## RECORDS PROVIDED
════════
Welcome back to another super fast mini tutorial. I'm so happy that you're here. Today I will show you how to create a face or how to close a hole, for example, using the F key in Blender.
════════
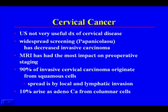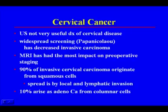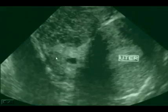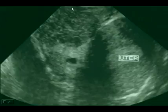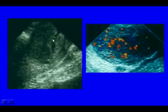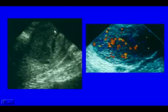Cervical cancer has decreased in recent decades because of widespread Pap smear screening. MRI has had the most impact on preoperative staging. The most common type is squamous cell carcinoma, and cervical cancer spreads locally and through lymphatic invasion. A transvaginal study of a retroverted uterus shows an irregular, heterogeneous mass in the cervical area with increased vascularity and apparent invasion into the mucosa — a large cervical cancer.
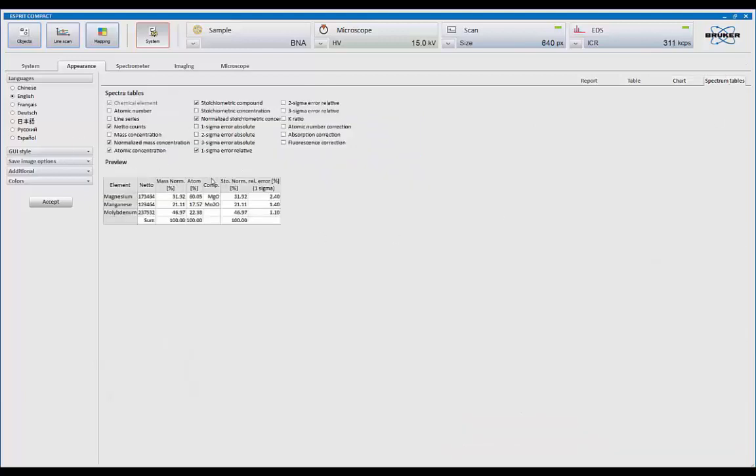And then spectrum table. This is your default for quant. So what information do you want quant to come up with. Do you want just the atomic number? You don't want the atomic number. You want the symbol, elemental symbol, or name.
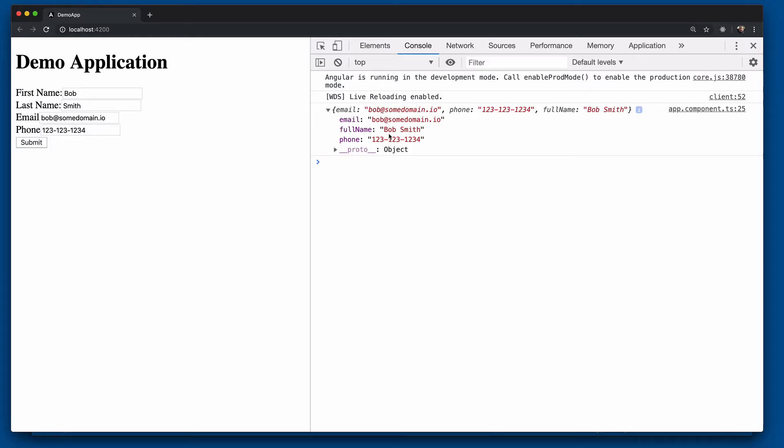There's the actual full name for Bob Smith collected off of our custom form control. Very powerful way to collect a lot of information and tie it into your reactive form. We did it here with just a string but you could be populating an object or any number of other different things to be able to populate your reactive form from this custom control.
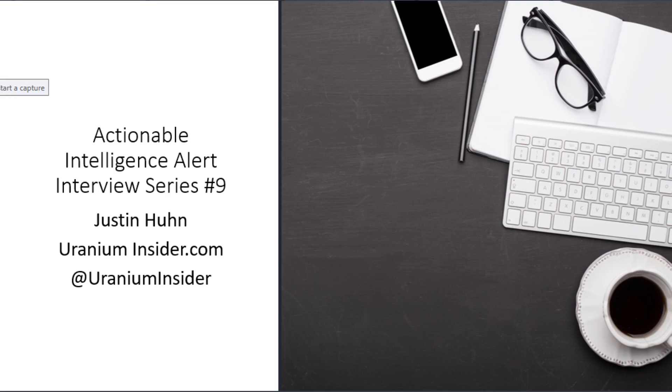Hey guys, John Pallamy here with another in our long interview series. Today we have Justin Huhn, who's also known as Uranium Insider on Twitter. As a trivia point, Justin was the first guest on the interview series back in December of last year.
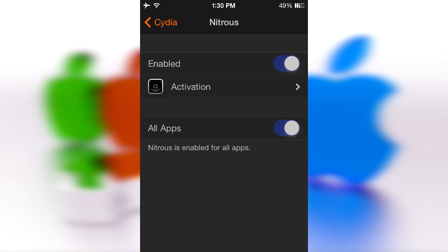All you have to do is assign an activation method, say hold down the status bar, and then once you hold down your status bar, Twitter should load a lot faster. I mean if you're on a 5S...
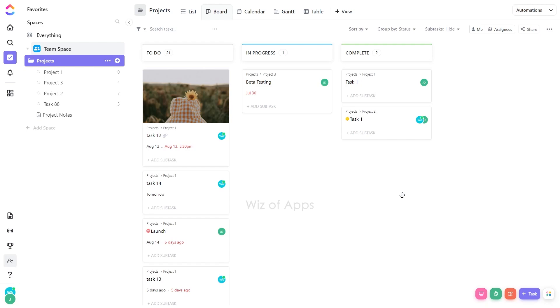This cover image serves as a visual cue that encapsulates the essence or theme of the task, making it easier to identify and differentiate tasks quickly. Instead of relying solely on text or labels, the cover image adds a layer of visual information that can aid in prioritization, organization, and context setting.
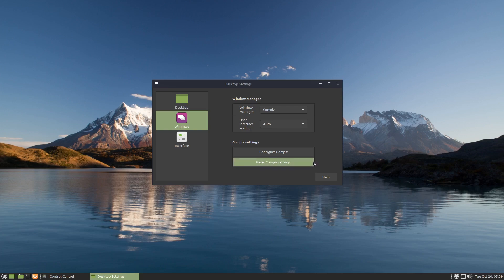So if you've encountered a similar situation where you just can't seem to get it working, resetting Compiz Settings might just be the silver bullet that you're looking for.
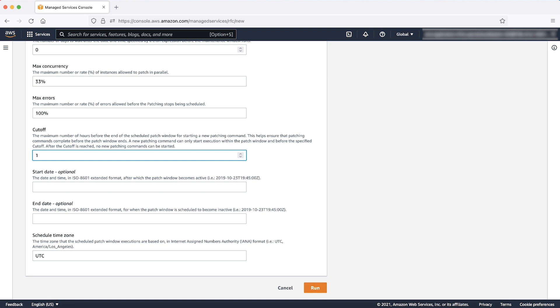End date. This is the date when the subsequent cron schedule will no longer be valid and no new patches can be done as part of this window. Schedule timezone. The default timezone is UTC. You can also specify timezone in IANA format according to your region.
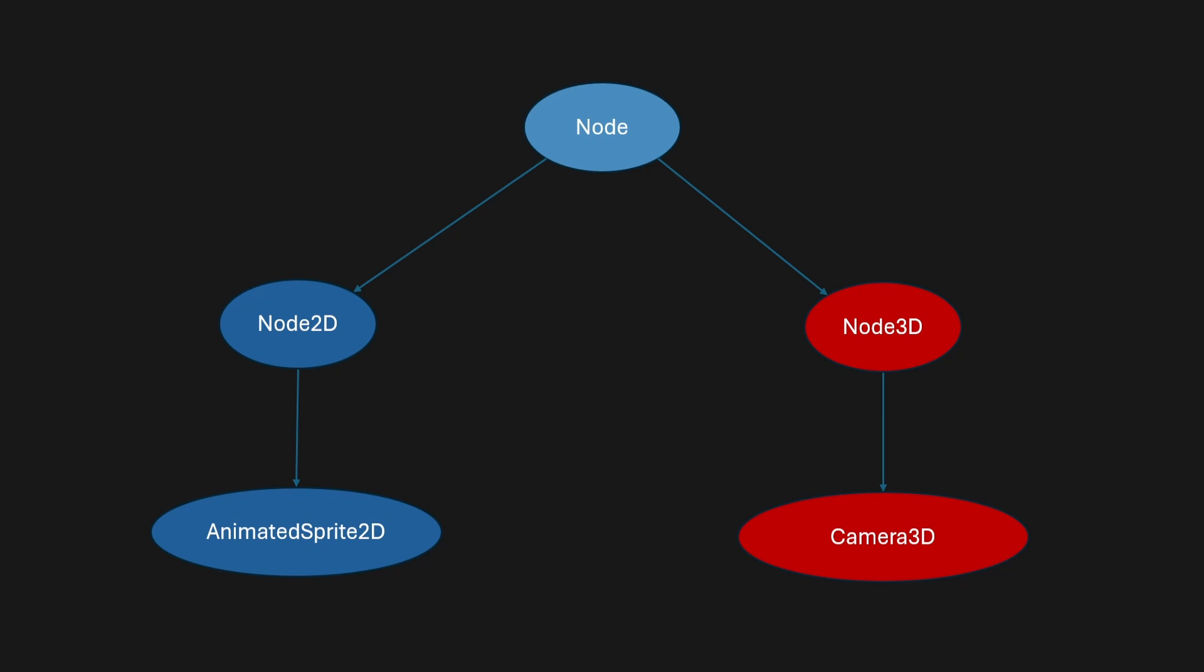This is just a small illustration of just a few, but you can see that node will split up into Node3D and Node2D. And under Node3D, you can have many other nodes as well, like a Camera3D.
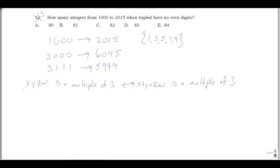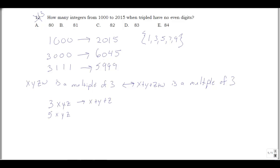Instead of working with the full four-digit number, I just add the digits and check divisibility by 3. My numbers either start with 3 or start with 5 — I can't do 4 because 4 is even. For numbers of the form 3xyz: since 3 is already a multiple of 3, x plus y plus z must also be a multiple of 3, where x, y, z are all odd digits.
════════
In the material above, the stretch from the line with "Hey guys, John" through the line with "This cover image" is to be given again exactly, minus the pictures.

## RESPONSE BOX
Hey guys, John Pallamy here with another in our long interview series. Today we have Justin Huhn, who's also known as Uranium Insider on Twitter. As a trivia point, Justin was the first guest on the interview series back in December of last year.
All you have to do is assign an activation method, say hold down the status bar, and then once you hold down your status bar, Twitter should load a lot faster. I mean if you're on a 5S...
This cover image serves as a visual cue that encapsulates the essence or theme of the task, making it easier to identify and differentiate tasks quickly. Instead of relying solely on text or labels, the cover image adds a layer of visual information that can aid in prioritization, organization, and context setting.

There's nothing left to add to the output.